What Is Audio Forensics?

“…every human being possesses a distinctive voice of his own, which is as easily distinguished by the ear as are facial characteristics by the eye.”

– Quintilian
(University of Chicago, 2012)

Audio Forensics – Overcoming Disguised Speech

Quintilian was an ancient Roman rhetorician, a form of philosophy. This is likely to be the oldest remaining statement on voice identification. While there’s truth in it, had Quintilian lived in the modern era, he would be easily dismissed as an optimist.

The greatest challenge in identifying a speaker’s distinctive vocal characteristics remains the ability of those with malicious intentions to intentionally alter their voice. Problematically, as methodology for detecting disguised speech improves, so does the technology and methods of those seeking to avoid detection.

When working with a recording and a pool of suspects, the identification process involves creating a series of known exemplar recordings of the suspects speaking, and comparing it to the unknown exemplars, collected from the original recording in which the speaker’s identity is unknown. This affords the guilty party two opportunities to fool investigators. If they believe they may be recorded while committing a crime they may disguise their voice. They may later disguise their voice when asked to produce known exemplars. In the former scenario, a criminal could employ Electronic or Non-Electronic disguise methods. Electronic disguises, such as digital voice scramblers are incredibly difficult to overcome. They are completely destructive of fundamental frequency and vowel and consonant articulation information. However, at least when dealing with this form of disguise it is clear the criminal is disguising their speech. Electronic disguise is most common in cases of kidnapping or blackmail.

Non-Electronic disguise methods are extremely varied. A popular method in film is a criminal holding cloth over their mouth when making a recorded call. Apparently most criminals find this to be one step too many, because the most common methods are whispering or assuming a false accent. These methods have a notable impact on intra-speaker variation, specifically the fundamental frequency values are affected. In the case of imitating an accent, European research has found that that method is ineffective in hiding the fact the speaker’s voice is being disguised. (Adrian Leemann, 2015)

An interesting example from history is convicted serial killer Paul Michael Stephani, the Weepy-Voiced Killer. He killed four women in the Minneapolis area from 1980 to 1982. Several times he called police and in a weeping voice asked them to stop him from killing again. During his trial, voice identification was at issue, and early Aural Acoustic Speaker Identification practitioners supported an identification conclusion, which was also supported by the killer’s wife who recognized his voice while listening to the 911 calls. In this case, the disguise was only successful in altering his prosody and fundamental frequency values. (BobSeger1981, 2013)

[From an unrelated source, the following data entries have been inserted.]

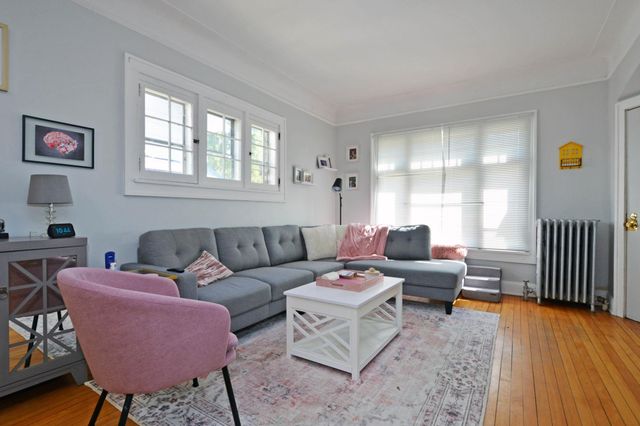 3324 Hennepin Avenue, Minneapolis, MN 55408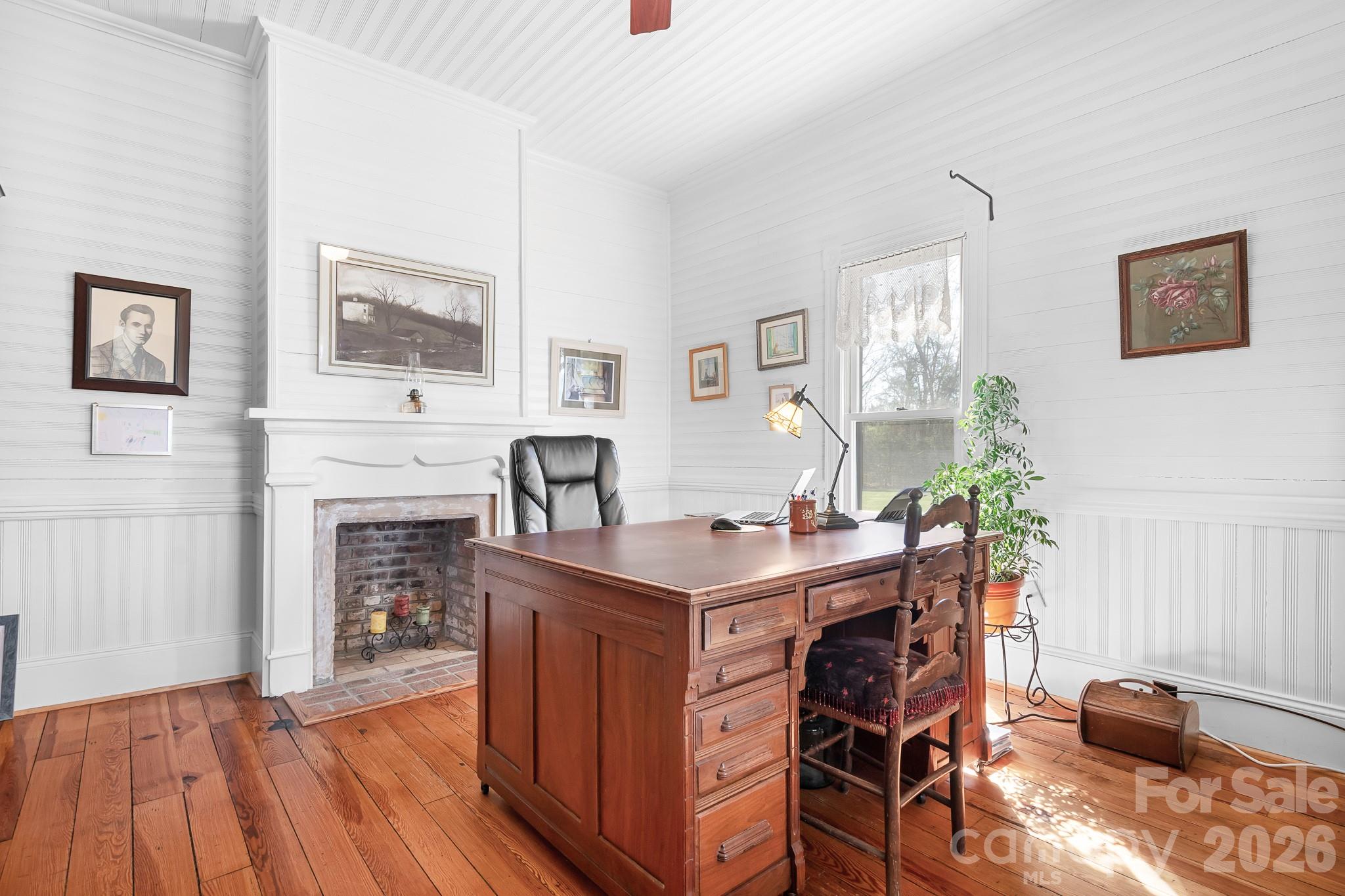 Larkin Sloan Estates - Farm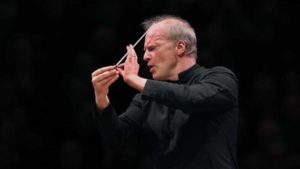 Ennesimo capolavoro della giunta Appendino: il Maestro Noseda, direttore musicale del Teatro Regio, sbatte la porta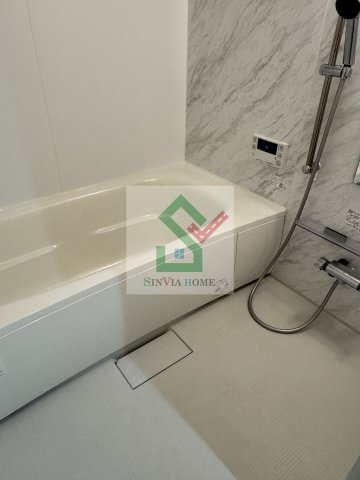 メゾンシャルムの浴室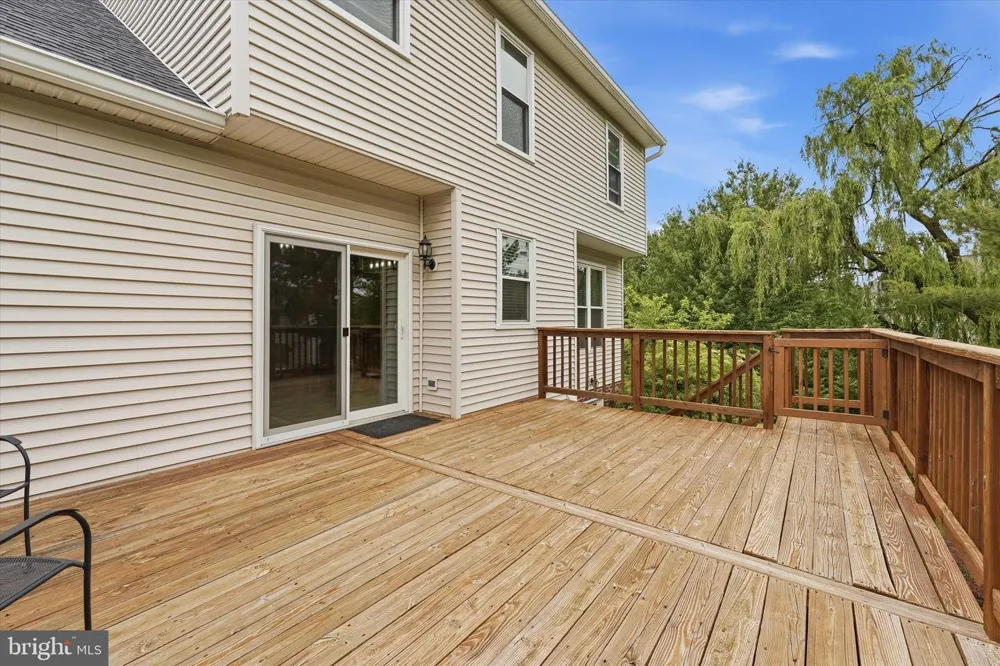 2402 SHAKER LANE Frederick, MD 21702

When disguised speech is used in the original recording from which the Unknown Exemplars are gathered, sometimes identifying the presence of disguised speech is all that can be done. When a suspect is disguising their speech while providing Known Exemplar samples, the forensic examiner has significantly more opportunities to reduce its impact.

The first step is detection. Any known exemplar collection and analysis protocol should include detection practices for disguised speech. The best indicator is inconsistent phonetic characteristics. It is very difficult to consistently disguise your speech for prolonged periods of time, so evidence collection should include asking the suspect to read a long statement or passage, which should also be phonetically challenging to read aloud. Speech Language Pathologists use diagnostic passages in the diagnosis of speech disorders, as well as assess progress in treatment. These same passages are excellent tools for disguised speech detection. The suspect should also be engaged in casual conversation. Any breaks or inconsistencies might provide clues as to the suspect’s natural speaking voice.

Common methods of disguised speech when providing known exemplars is intentionally struggling in the pronunciation of words which are forensically significant to the crime being recorded, feigning poor fluency, and emphasizing syllables in unusual ways.

The key to successfully conducting a speaker comparison when you suspect disguised speech is present is to identify what elements of their speech the subject is altering. Often times the perpetrator believes they are successfully disguising their entire speech, but not knowing how speech scientists divide and categorize speech, they in fact are only affecting one criterion. If they are only altering their fundamental frequency, a successful analysis can still be done by correctly weighting their vowel and consonant articulation. If their articulation is altered, prosody, resonance, nasality, and abnormalities may still be of forensic consequence.